Machine learning, if you weren’t aware, is a fancy way of saying “regressions.” It’s more than that, of course, but at its core, machine learning takes sample data and “learns” how to make predictions from that data. Those predictions can then be applied to new, out-of-sample events. Variations in initial conditions produce different predictions, which is why you can think of it as an advanced form of regression analysis; at its most basic, changes in some set of independent variables are used to predict a response variable (or variables).

If that all sounds impenetrably math-y to you, well, that’s one of the downsides of the approach. It’s an opaque process, which makes sense: you try using the interaction between more than 100 variables to predict the odds of a player getting on base and see if it’s anything other than confusing. Add to that the fact that companies aren’t exactly handing out the secret sauce driving their predictions, and there’s really only one way to judge algorithm accuracy: by looking at the results.

And for me, the nVenue results have been confusing. Take this example, from that interview with Pracht I referenced earlier:

Pracht’s favorite example of how the algorithms have worked came during the first at-bat of the first game from last year’s World Series. She recalled that Braves designated hitter Jorge Soler opened with a 2% chance of homering against Astros starter Framber Valdez, which increased to 3% after ball one. The second pitch was also a ball, at which point Soler’s homer potential grew to 19%. Soler then slugged a 2-0 fastball into the leftfield seats.

I think about baseball odds professionally. I was following right along on 0-0 and 1-0. But a 19% chance of a home run sounds inconceivable to me.

An individual probabilistic prediction, though, is no way to judge any system. “That doesn’t sound right to me, and I watch baseball” is a weak argument. Even if the face validity of these predictions is low, the predictions could still be good.

Rather than name a few examples, I did something slightly more involved. First, I recruited a little help from my friends. Ben Lindbergh organized some Effectively Wild listeners to help me chart the probabilities shown in every pitch of each Apple TV+ game of the year. Then I set out to test those probabilities.

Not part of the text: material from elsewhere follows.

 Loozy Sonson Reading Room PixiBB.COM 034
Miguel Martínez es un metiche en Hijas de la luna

For every pitch where the broadcast recorded a probability, we noted the last probability that was shown before the pitch was thrown – both the type and the likelihood. In some cases, the broadcast showed multiple statistics before the pitch was thrown, but we recorded only the last reading in each case. Then I noted whether the result had happened or not – as all the predictions are binary, a simple 1 or 0 sufficed. In cases where the play ended without a satisfactory answer to the probability in question – when a runner was thrown out to end a half-inning mid-plate appearance, for example – I threw out the predictions.

This gave me what we in the data industry refer to as “a big honking sample.” For reasons that will become apparent, I skipped the two April 8 games, but that still gave me 12 games, and thousands of pitches. As an example, let’s take Marcus Semien’s at-bat in the top of the first inning last Friday night. When he came to the plate, the broadcast listed him with a 22% chance of reaching base. After he took a strike, that number increased to 31%, then 32% after he got down 0-2. He then took a ball (30%), another ball (18%), and a foul (20%) before striking out on a foul tip. I recorded each of those counts and probabilities, as well as a 0 for the outcome – he didn’t reach base.

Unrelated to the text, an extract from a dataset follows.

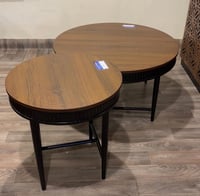 طاولة لون بني غامق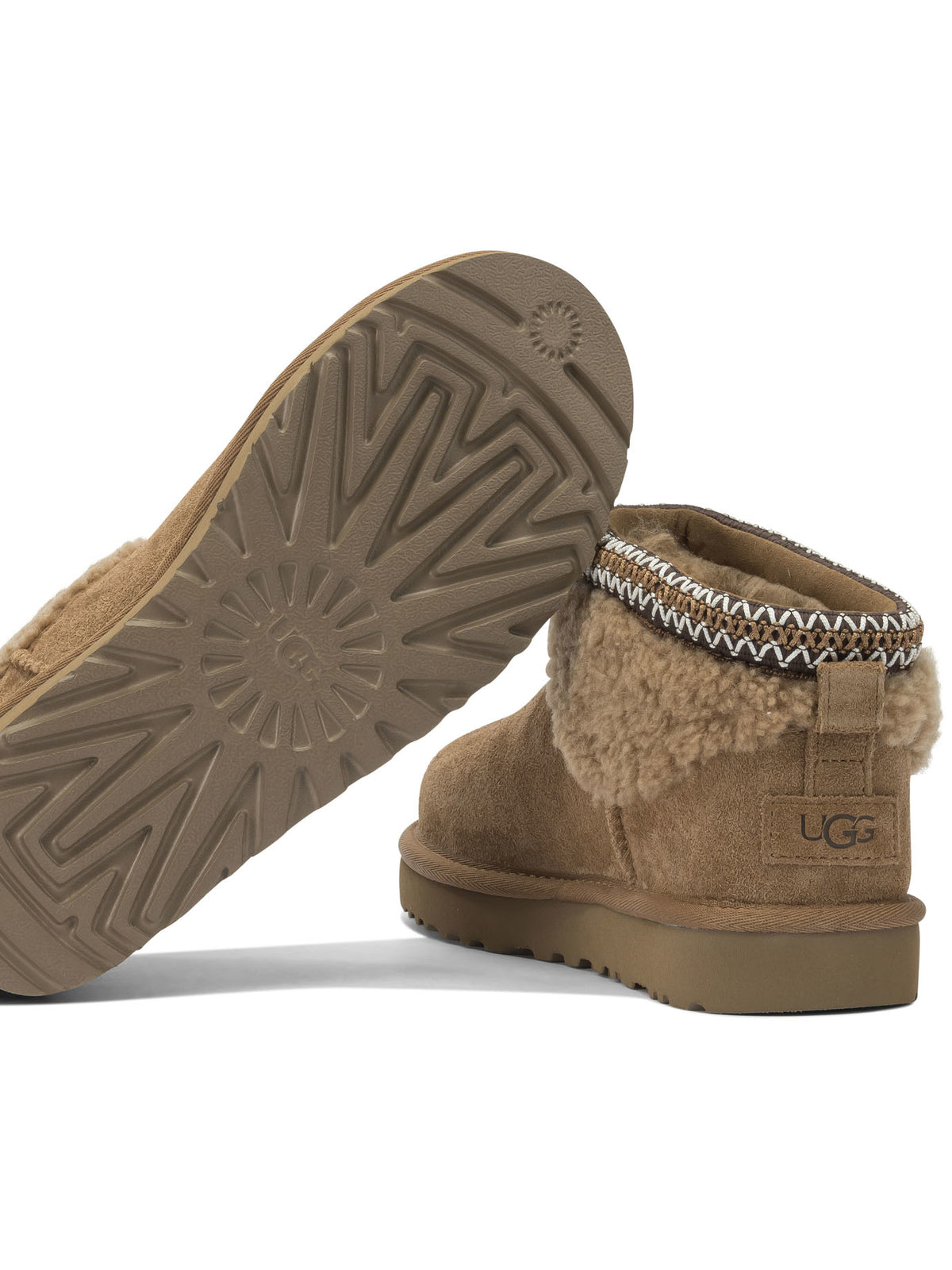 Ugg "Classic Ultra Mini Maxi Curly" ankle boots - Brown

In the 12 games I charted, that gave me 2,575 observations in 10 categories: strikeout, walk, reach base, hit, out, in-play out, GIDP, RBI, extra-base hit, and home run. Some were used sparingly; extra-base hits only showed up for a few games, and in-play out was only used for one pitch.

With all the data painstakingly recorded, all that remained was to test it. To do this, I needed some control predictions. After all, I can tell you the Brier score – a measure of probabilistic prediction accuracy – of the sample set as a whole is 0.196, where 0 is the best possible score and 1 is the worst. That’s meaningless without context, though; if you can’t compare one set of predictions to another, that Brier score is just a number in space.

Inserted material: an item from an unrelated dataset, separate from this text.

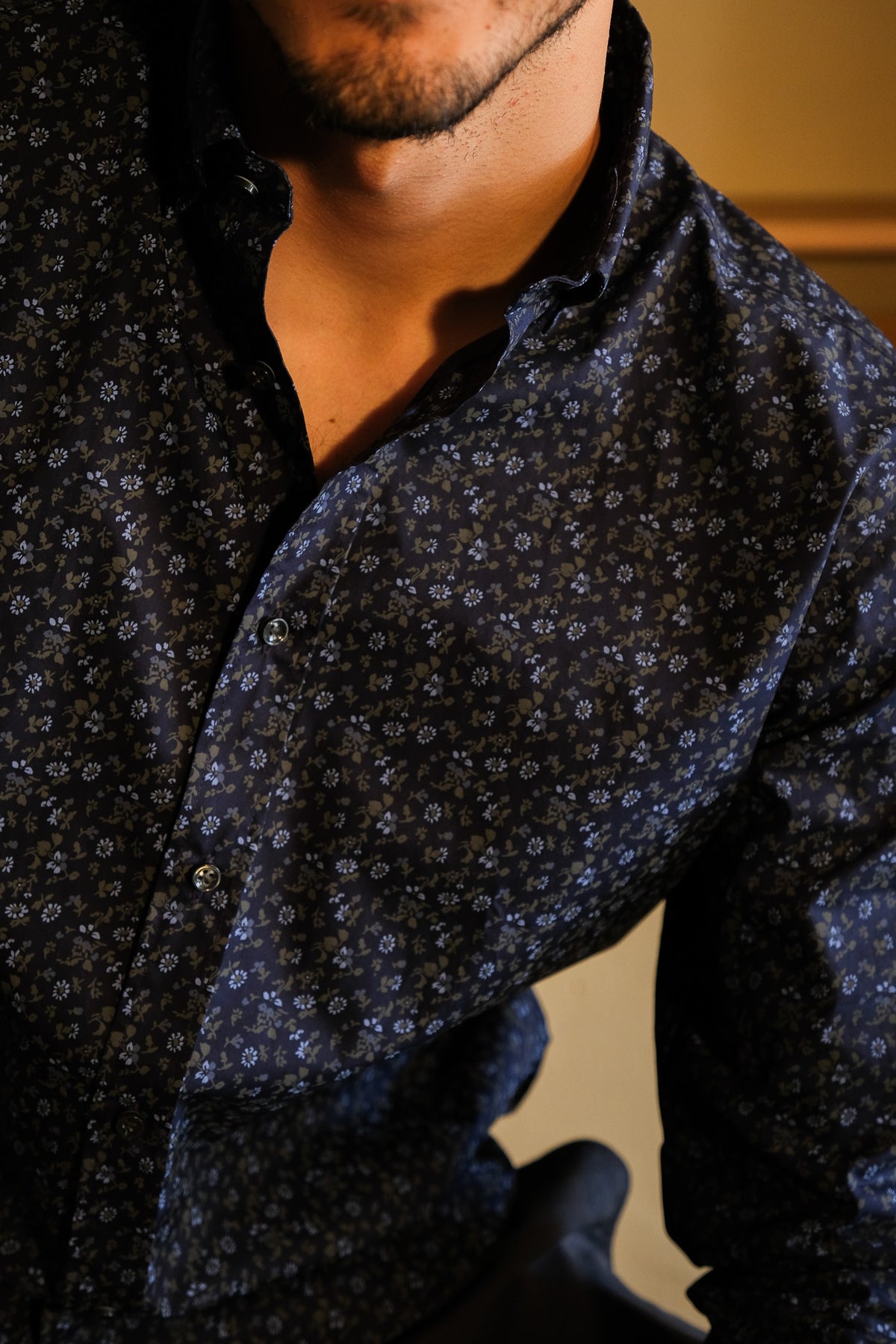 Printed casual shirt with floral pattern in night blue (Art. 2101-C)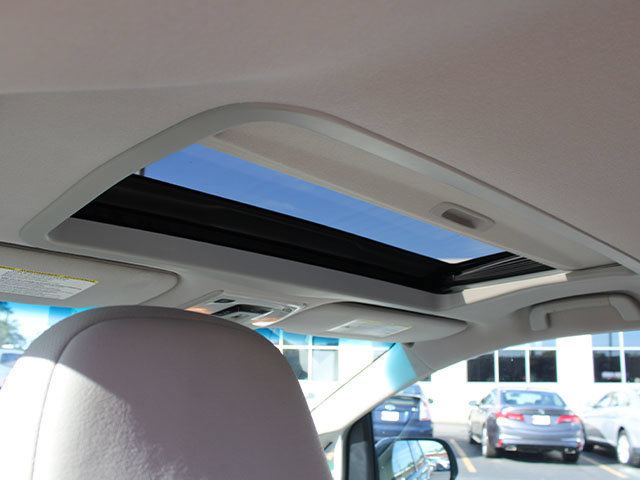 Used 2012 Toyota Sienna XLE FWD image 9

The nVenue model uses upwards of 120 inputs. I decided to use exactly one: the count. For each game, I snapped the major league average rate of each result after the relevant count through the prior day. For games from April 15, for example, I calculated the odds of each outcome as of all major league plate appearances through April 14. That particular one looks like this:

Odds of Outcome By Count, Through 4/14/22
Count K Reach Walk Hit Out XBH HR
0-0 23.0% 31.3% 9.2% 20.7% 68.7% 7.4% 2.8%
0-1 31.0% 25.9% 5.3% 19.1% 74.1% 5.9% 2.2%
0-2 47.1% 18.5% 2.7% 14.6% 81.5% 4.2% 1.1%
1-0 18.9% 38.1% 16.6% 20.3% 61.9% 8.4% 3.3%
1-1 27.2% 30.9% 10.9% 18.8% 69.1% 6.5% 2.5%
1-2 44.2% 21.9% 6.7% 14.1% 78.1% 4.4% 1.5%
2-0 15.5% 48.4% 30.7% 16.8% 51.6% 7.3% 3.0%
2-1 23.4% 39.6% 20.3% 18.4% 60.4% 7.1% 2.7%
2-2 39.0% 27.7% 13.3% 13.7% 72.3% 4.9% 1.8%
3-0 7.0% 72.9% 63.2% 9.7% 27.1% 4.3% 2.1%
3-1 13.1% 61.1% 47.3% 13.4% 38.9% 6.3% 2.6%
3-2 27.9% 46.1% 32.6% 13.1% 53.9% 5.0% 1.8%

I used this to make my own predictions for reaching base, getting a hit, walking, striking out, making an out, hitting a home run, and hitting an extra-base hit. Double plays and RBIs don’t work with my one-factor model – count isn’t sufficient, as you need base/out state as well – so I simply didn’t test the accuracy of those predictions. The same is true for that single in-play out prediction; I simply tossed it out. That’s also why I didn’t use data from the games of April 8; there wasn’t enough major league data to use after only one day of games.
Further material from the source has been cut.